The summer I was nine I got a room upstairs. That was wonderful. The old armoires were full of old books and magazines. I found a battered copy of The Count of Montecristo that I read until I knew it by heart. But to reach the rooms upstairs was not for the timid. The only light switch was on the upper landing. That meant that, I, who had clamored I was old enough to sleep upstairs, had to go up in the dark. And to put it simply, the rooms upstairs had seen lots of births, wedding nights, and deaths. At the bottom of the dark stairs, looking up, I knew all those ghosts were waiting for me. My father, who had been a small boy in the very same house, told me in the strictest confidence that ghosts are afraid of loud singing. So every night that first summer, I charged up the stairs shouting at the top of my lungs “Volare”! And perhaps in consideration of his ghosts, or his ears, by the time summer was over my father called an electrician to put a light switch downstairs. The ghosts were still there, transparent in the light, and smiling at this, their last child, coming up, only a little concerned, until she sneaked a finger in the room to switch that light on.
But in the morning I would open the shutters, and look at my garden inside the walls covered with wildfowlers and the jasmines that had taken over the place. My mother never really felt at home with her husband’s people. When we were not hiking in the woods, she spent her days inside the walls, and she kept me there as much as she could. I spent a lot of time in the garden, exploring the cool caves under the house where the wine was made in the fall, and where an entire prosciutto, well wrapped in oiled paper, would keep all summer. But I loved walking along the path to the chestnut grove at the far end of the garden. Here I would look up to judge when the chestnut were ripe, even if that signaled the end of my summer, and the return to school. Wild cyclamen grew under in the shade of the trees, and soft moss, and beautiful, deadly mushrooms.

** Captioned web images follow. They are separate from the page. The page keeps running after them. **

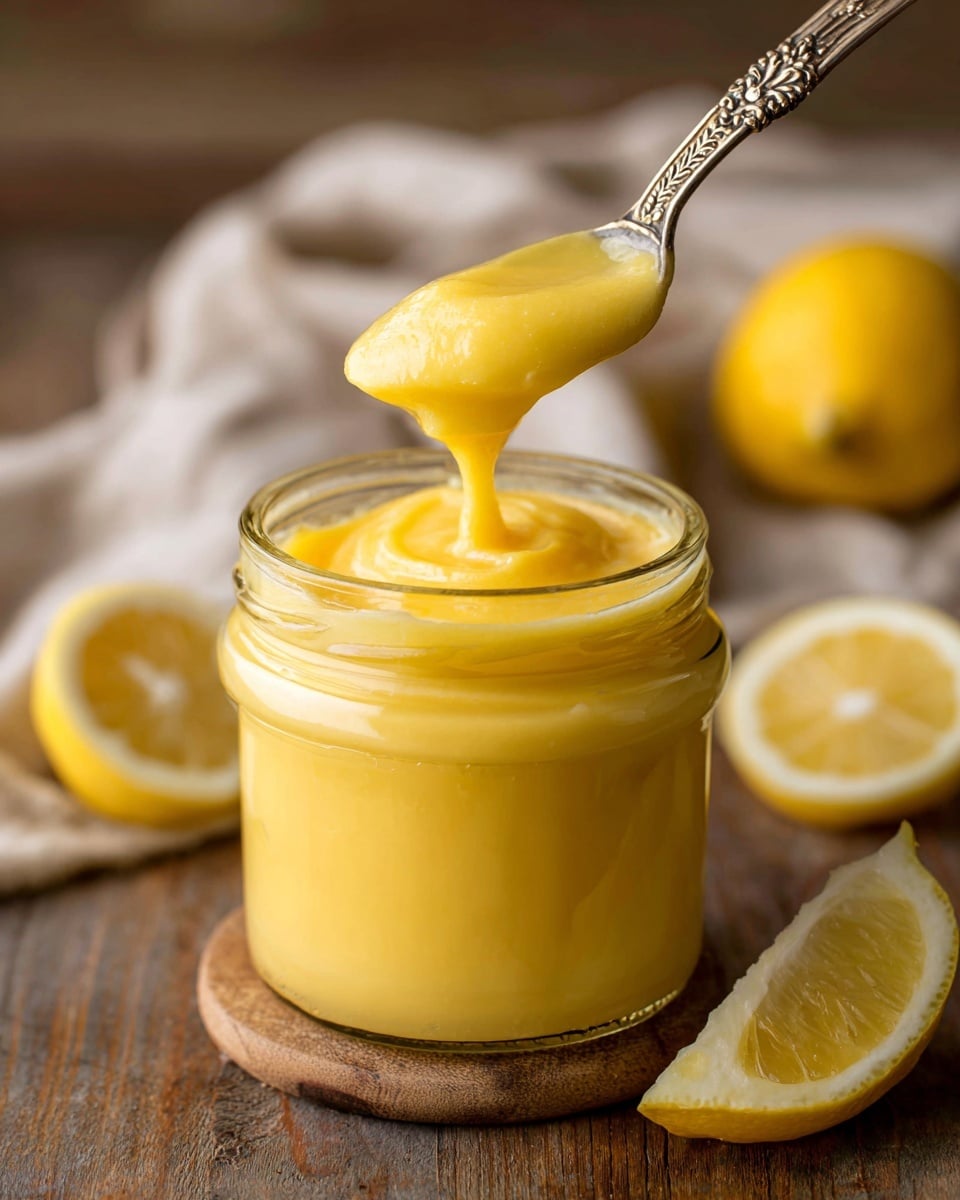 A glass jar filled with thick, smooth, bright yellow lemon curd is placed on a wooden surface. A spoon with an ornate handle is pulling up a dollop of the lemon curd, showing its creamy and slightly shiny texture as it drips back into the jar. Behind the jar, there are two fresh lemon wedges with a soft yellow color, and a light beige cloth is slightly out of focus in the background. The overall color palette is warm and inviting, with the yellow curd as the main focus. photo taken with an iphone --ar 4:5 --v 7
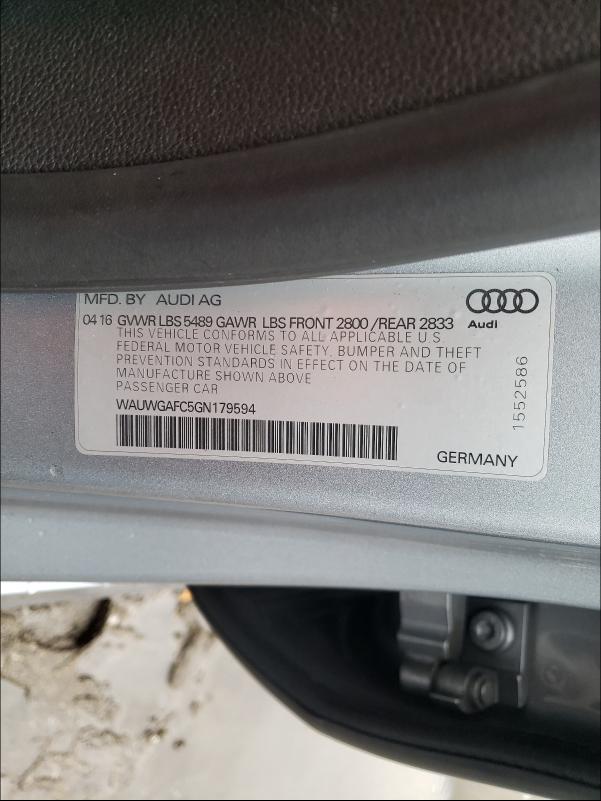 2016 AUDI A7 PREMIUM WAUWGAFC5GN179594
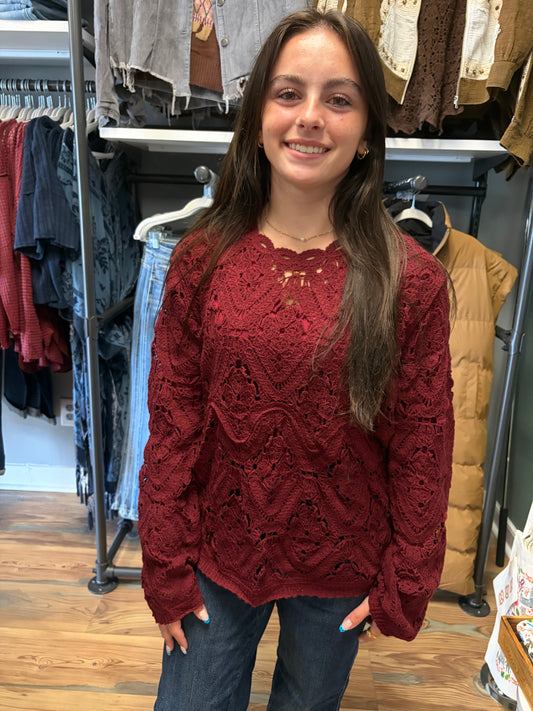 Burgundy Crochet Long Sleeve One Size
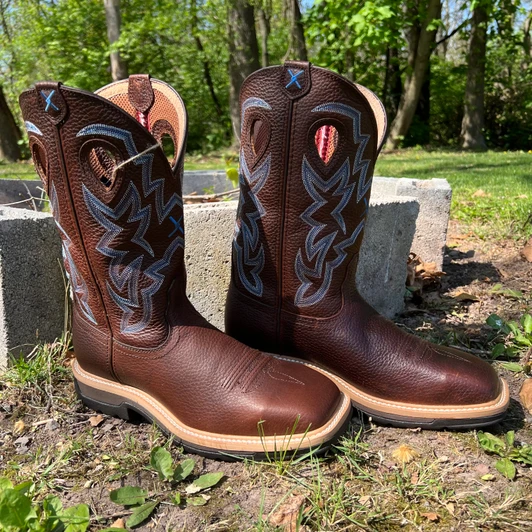 Twisted X Men's Brown Pebbled Blue Steel Toe Cowboy Boot MLCS003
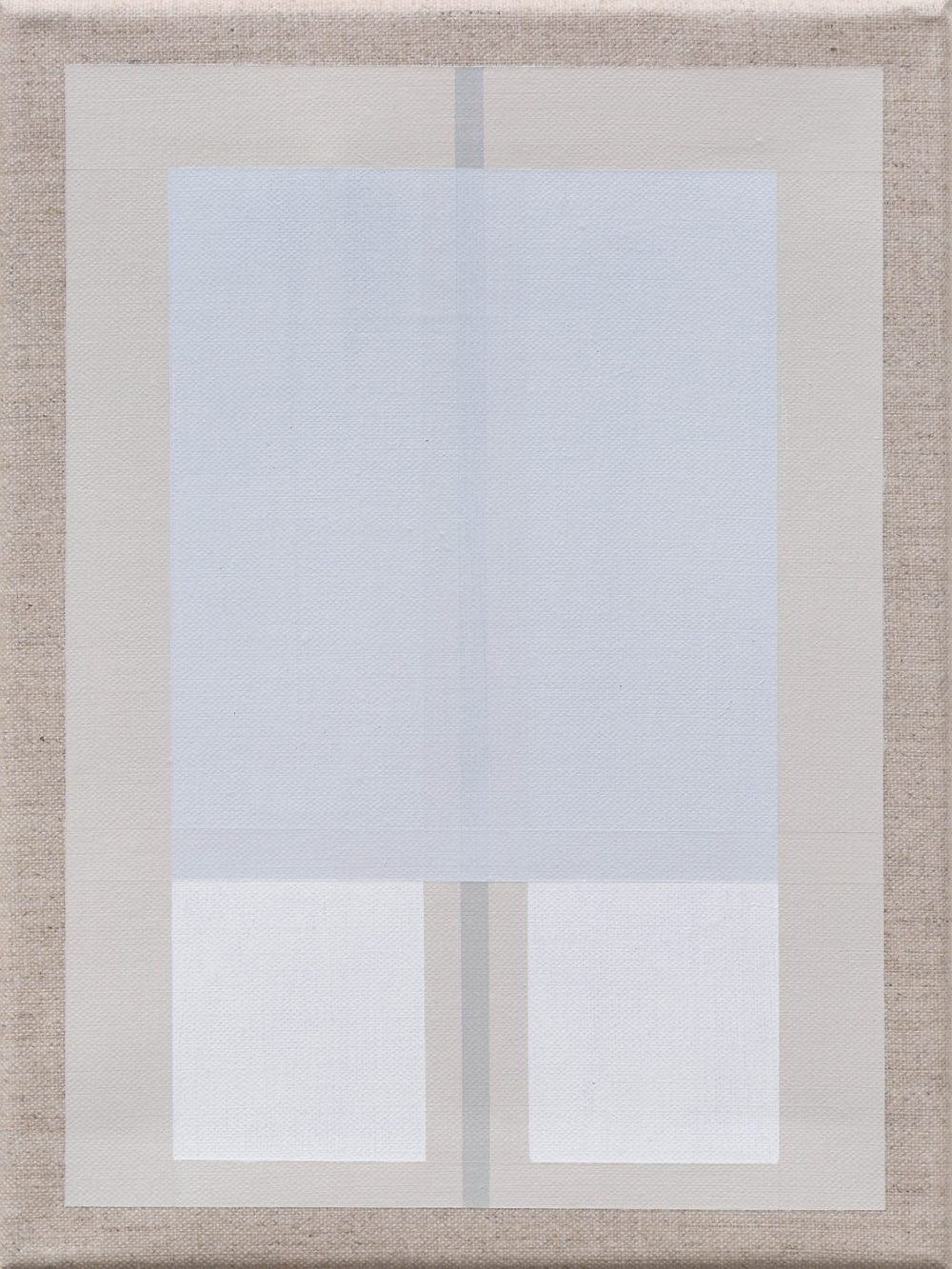 Abstract painting with layered translucent rectangles in soft blue and beige hues, creating a window effect.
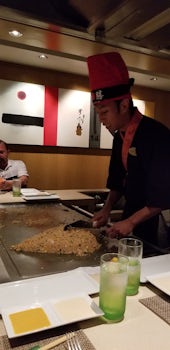 Teppenyaki. Tasty food and great entertainment while it was being prepared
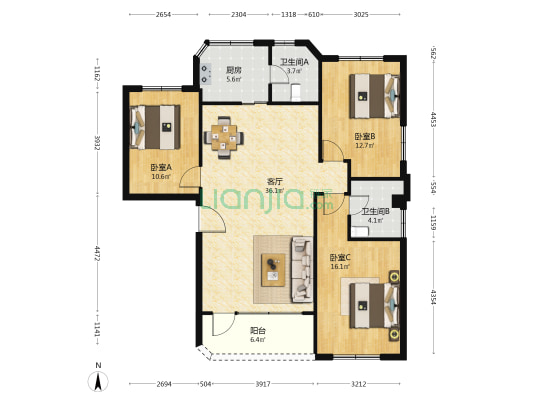 荔城大道148号大院 3室1厅2卫 112平方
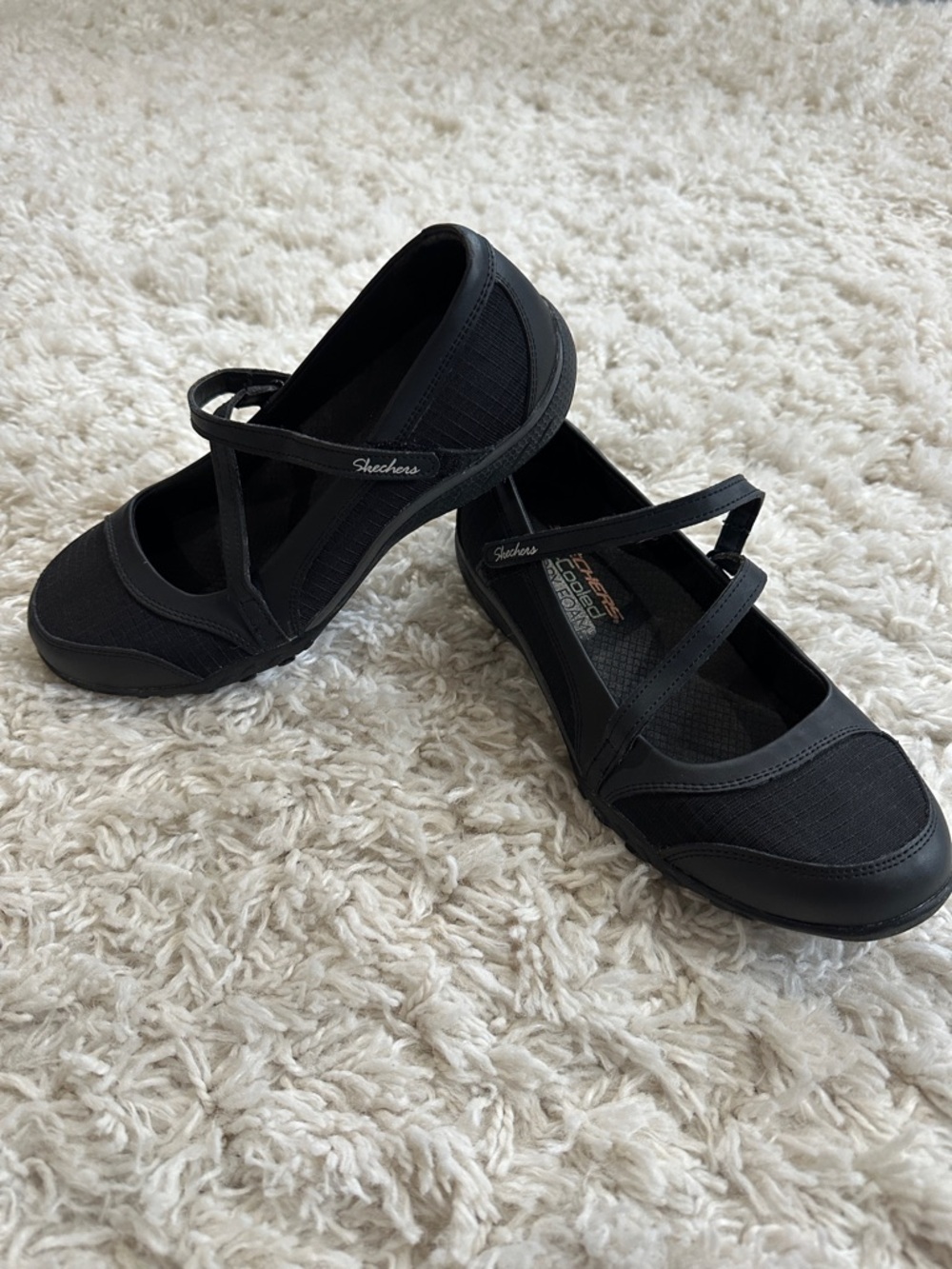 Skechers Black Mary Jane Flats with Cross Strap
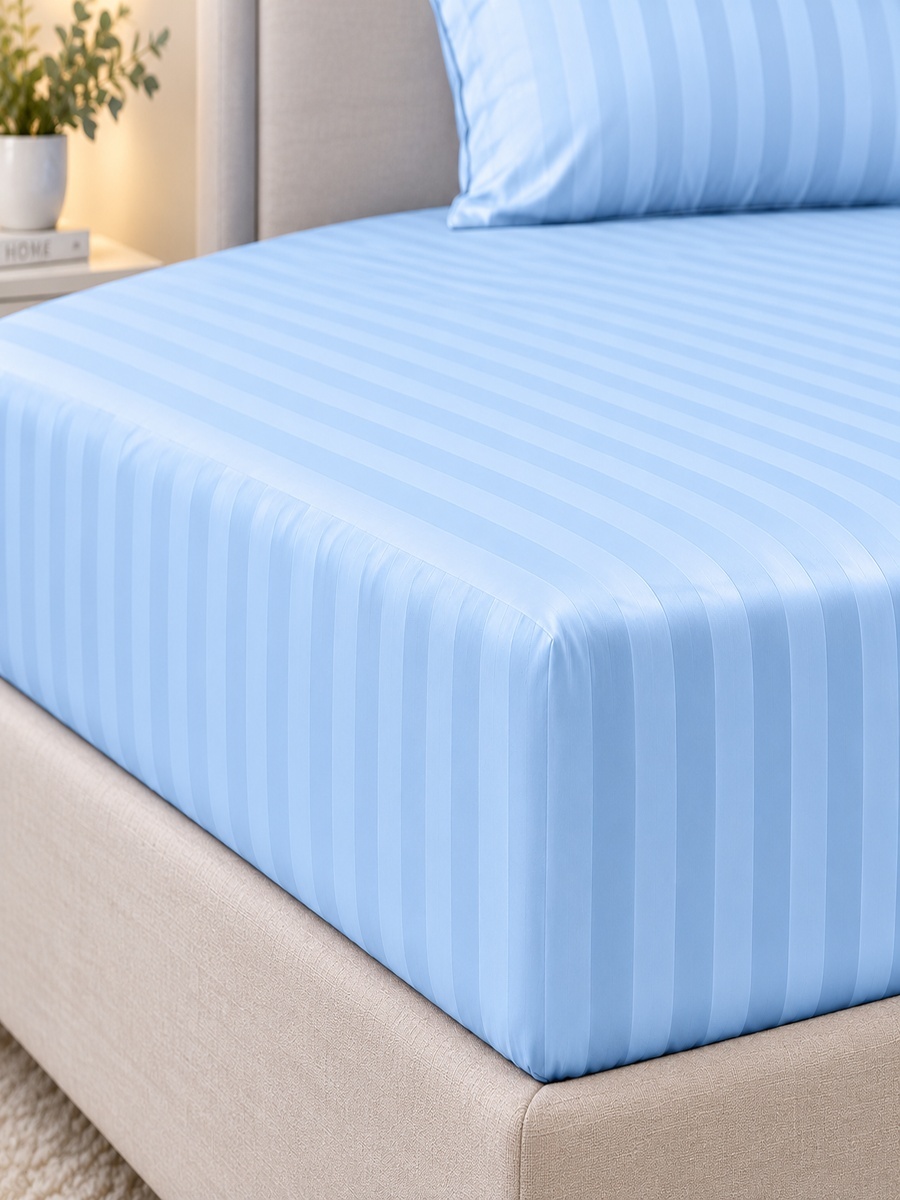 Cotton Ease Fitted Sheet, 120x200x33cm - Light Blue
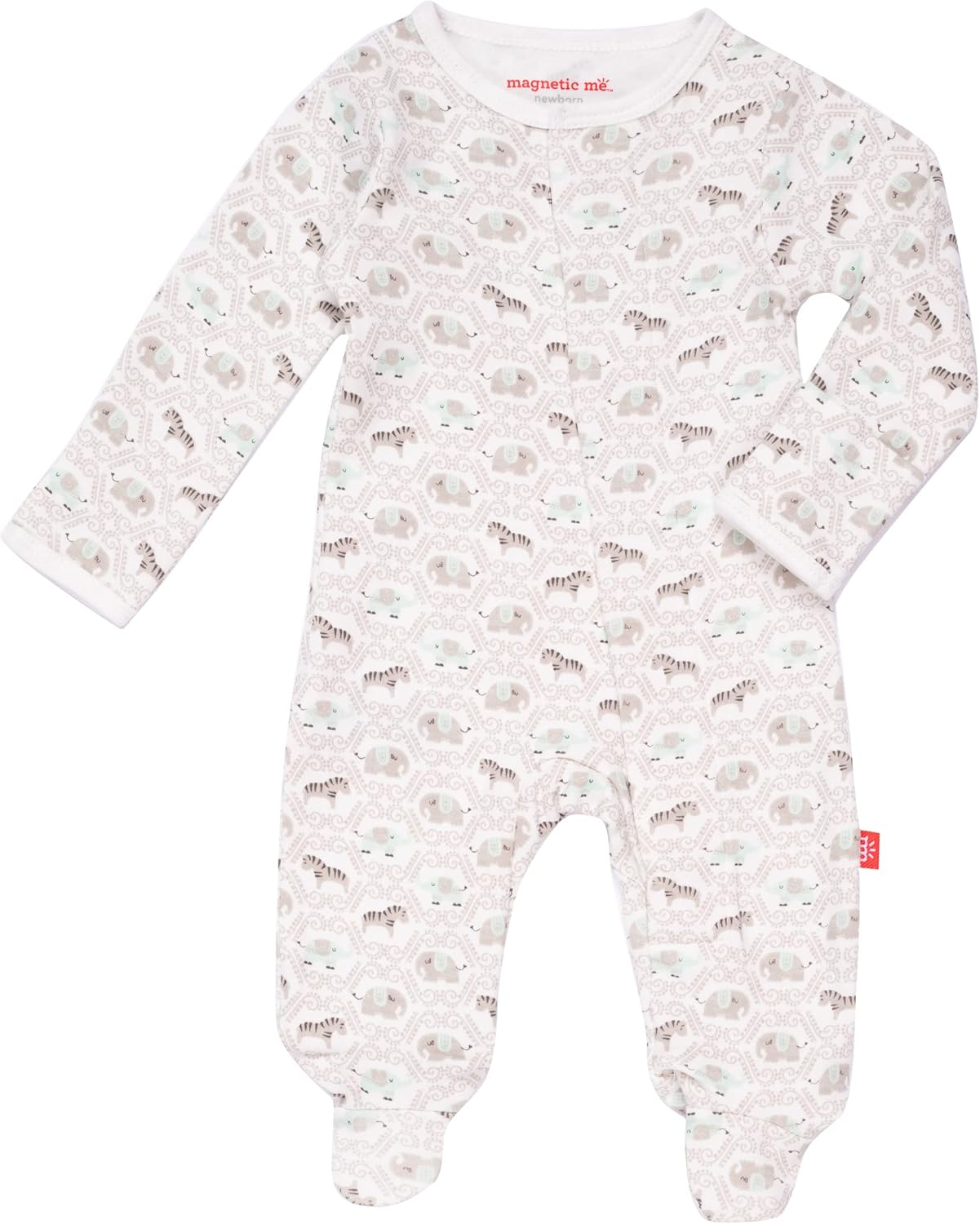 Magnetic Baby Footie Pajamas in 100% Organic Cotton for Comfort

The top garden was thick with fruit trees. In their branches flock of birds bickered incessantly. I learned to walk slowly and quietly, and eventually the birds didn’t fly away anymore. They kept bickering above me, as I slowly sat down and rejoiced in their chirping and scampering from branch to branch. The top garden was also the home of a nest of vipers. They liked to sun themselves on the little clearing above the lower garden, halfway down the path. I learned not to disturb them and they let me be. They were part of the beauty of the place, with the old stones, the smells of roses and stews, the cyclamen and the deadly mushrooms.
Summer was the time I spent as much time with my father as my mother would allow. He would take me for long walks to meet our relatives and his childhood friends, either in town or at the farmhouses over the next hills. Our relatives were almost hungry to look at me, to notice how I resembled my grandmother, but the color of my hair was the same as my father’s as a child, to be glad of my progress in school. His friends greeted us with a mixture of friendship and deference. This gray haired man was no longer the boy with whom they had splashed in the torrents. He was a man who had to go back to his job at the ministry in Rome when the first chills left frost on the grass. But deep inside their eyes there was pity for us who had to leave the only place we really belonged to. During our walks he told me of the hazelnut groves in the wood where we could find good mushrooms, and the stories of ghosts in the castle, and of all the places he had played as a boy. Sometimes we went there, to another town with another castle, and woods and torrents where a boy was almost visible, in and out of the trees, I could see him for a moment, but then he was gone, and the only reality was my father’s hand holding mine.
My father never once mentioned the war, when the towns and the woods were filled with partisans and soldiers, and bayonets and bombs marred the eyes and souls. My mother seldom spoke of anything else. But my father wanted to give me the magic of his summers, and that he did. I came to love the timeless peace of the hills chasing each other along the deep ravines, and the rolling of harvest seasons. Each July the hills were dotted with small figures cutting wheat. From one hill a song rose, taken up from the people in the next field, until the entire sky was full of the chant of the harvest, a chant that wrapped me up with the heat of the sun and the song of the cicadas.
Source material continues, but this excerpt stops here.